We understand the problems and the consequences, so what are the solutions? One possible pathway to achieving these targets is AI optimization, which has the potential to revolutionize how companies approach the complex fab construction process. By reducing errors and increasing efficiency, AI could be the final step needed to reach the goals of the CHIPS Act.

Faster Design Outputs

Traditionally, the process of assessing the requirements for an advanced manufacturing facility can take as long as 12 weeks, which further strains finances and extends the margin for error. Additionally, critical information about the quantity and type of materials and equipment is generally not available until halfway through this process. AI optimization can deliver critical equipment outputs in less than a week, saving time, money, and resources.

Reduce Capital and Engineering Costs

Modern design optimization algorithms can calculate the best design for a sub-facility with minimal error. This ensures resources and equipment are used as efficiently as possible. By reducing unnecessary components, such as excess cables, companies can significantly cut capital costs across the board. From an engineering perspective, automating the advanced manufacturing facility design process enables skilled engineering talent to focus on more high-level tasks. This modern solution minimizes the need to assess and define facility requirements.

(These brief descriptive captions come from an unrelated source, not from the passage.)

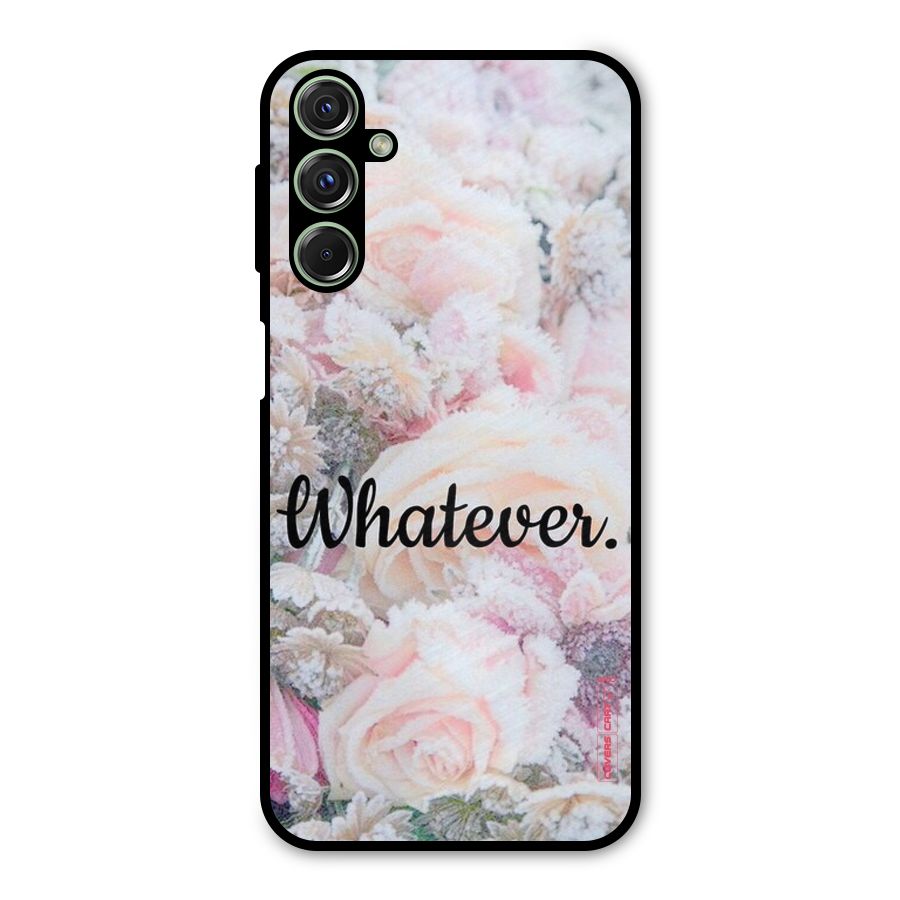 Whatever Metal Back Case for Galaxy M34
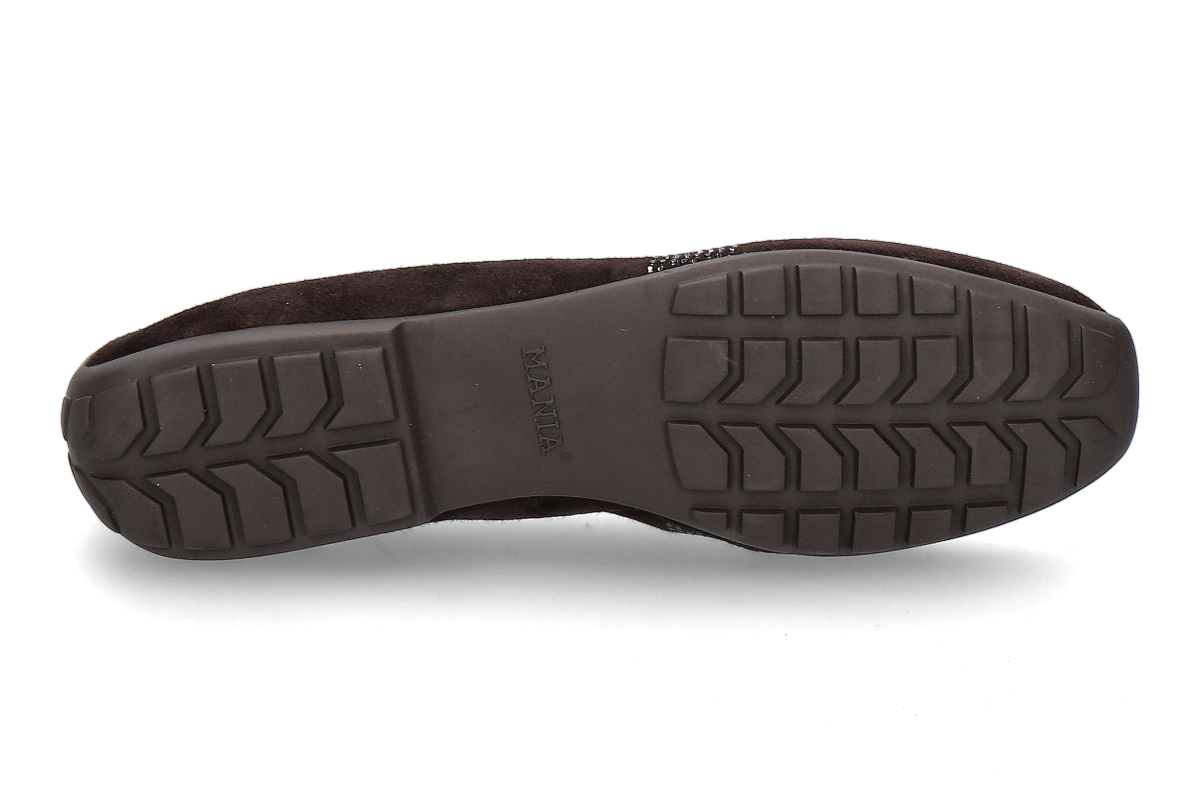 Mania Loafer MB1218 CAMOSCIO- coffee_242300157_5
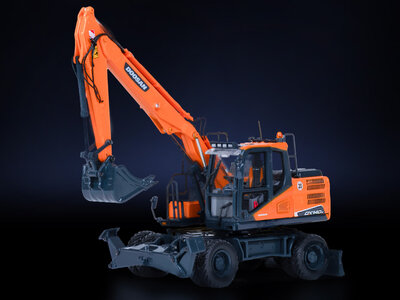IMC IMC Doosan DX140W excavator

Schedule and Project Delivery Tracking

As we know, the complexity of designing and constructing a semiconductor manufacturing facility introduces many unwanted factors into play. As a result, creating an accurate and reliable schedule is notoriously difficult. AI optimization tools address some of these challenges by creating an integrated tool/facility plan for each piece of equipment, enabling engineers on the ground to focus on delivering the minimum scope required to start the manufacturing process.

Conclusion

Meeting the goals of the CHIPS Act is essential for semiconductor companies to demonstrate they are up for the challenge. However, success will remain out of reach unless these companies fully embrace innovation and automation.  

Challenges such as cost overruns, poor data management, and supply chain strains jeopardize the success of every fab construction project. AI optimization offers a clear and viable solution to these costly issues, delivering faster design outputs, reduced engineering and capital costs, and improved project scheduling and tracking.  

Modern problems require modern solutions, and companies must adopt these innovations to have any chance of meeting the CHIPS Act's goals. Failure to do so would result in serious consequences.